Washington Update - June 11, 2018

Billy Moore    Dc2

The House passed a $147 billion bundle of three annual appropriations bills last week, along with a rescission bill taking about $14 billion in unspendable funds off the federal ledger. The Senate confirmed three judicial nominees. This week, Representatives plan passage of numerous opioid bills while Senators debate the Defense authorization.

President Donald Trump will summit with North Korean leader Kim Jong Un Tuesday after a contentious weekend summit with the G-7, the organization of the popularly-elected leaders of the 7 largest advanced economies in the world.

President Trump again downplayed the summit with Kim, although the complete, verifiable, irreversible denuclearization of the peninsula remains the event's lofty goal – providing a key test of the President's leadership and diplomatic ability. It comes after he threatened to "stop trading" with America's closest allies – including NAFTA partner Canada - unless they agree to his demands on tariffs.

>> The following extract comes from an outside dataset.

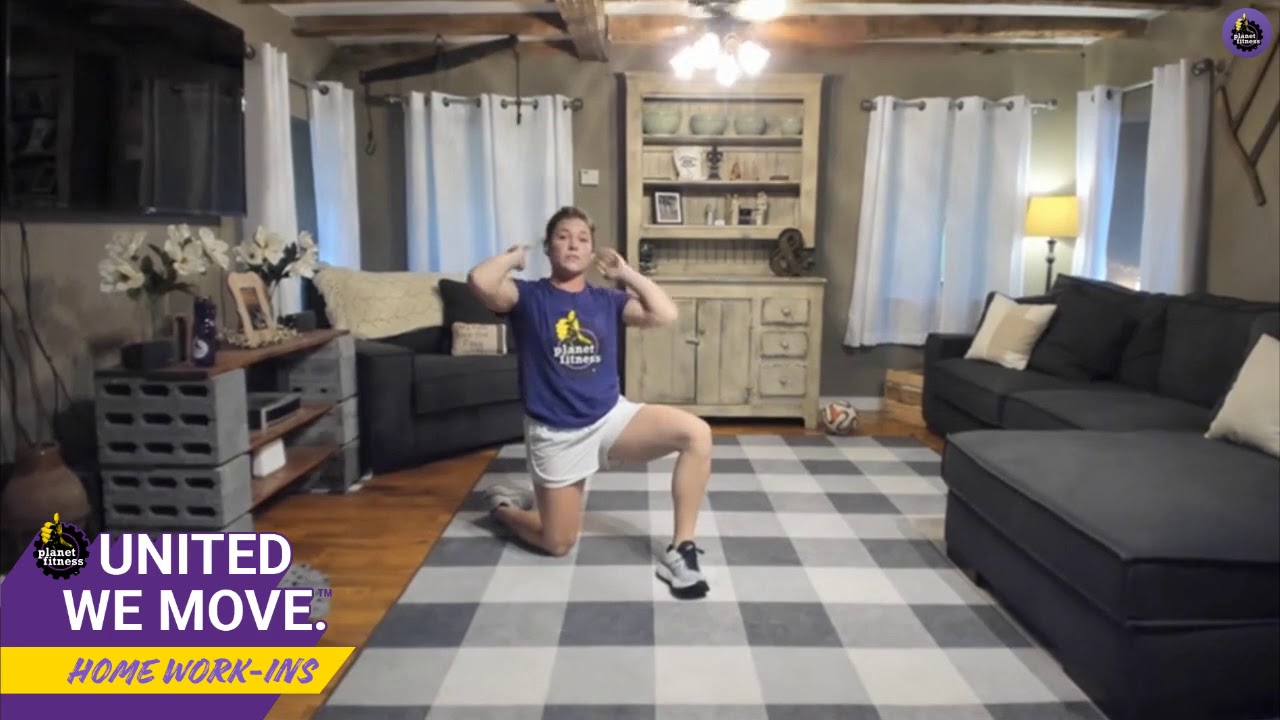 PF Trainer Caroll is Guiding you Through this HIIT Work In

The House spending package combines the Energy-Water, Military Construction-VA, and Legislative Branch appropriations. Senate leaders have not signaled when they will take up their first appropriation bill; neither have they hinted about the future the House rescission package, to which several Republican senators objected.

Tuesday is the deadline for moderate Republicans to complete a discharge petition on immigration and force a vote this month. If three more Representatives sign the petition, it will require House votes on four immigration initiatives, including the DREAM Act to protect undocumented aliens who entered the country as children. Negotiations with their conservative counterparts – who feel the petition is betrayal of Republican principles – have not yielded a compromise.

Polling suggests 2018 election messaging: Republicans highlighting economic growth and tax cuts, Democrats emphasizing healthcare and providing a check on President Trump. Democrats feel the President's renewed effort to have courts declare Obamacare's most popular provisions unconstitutional will be helpful to them on both points.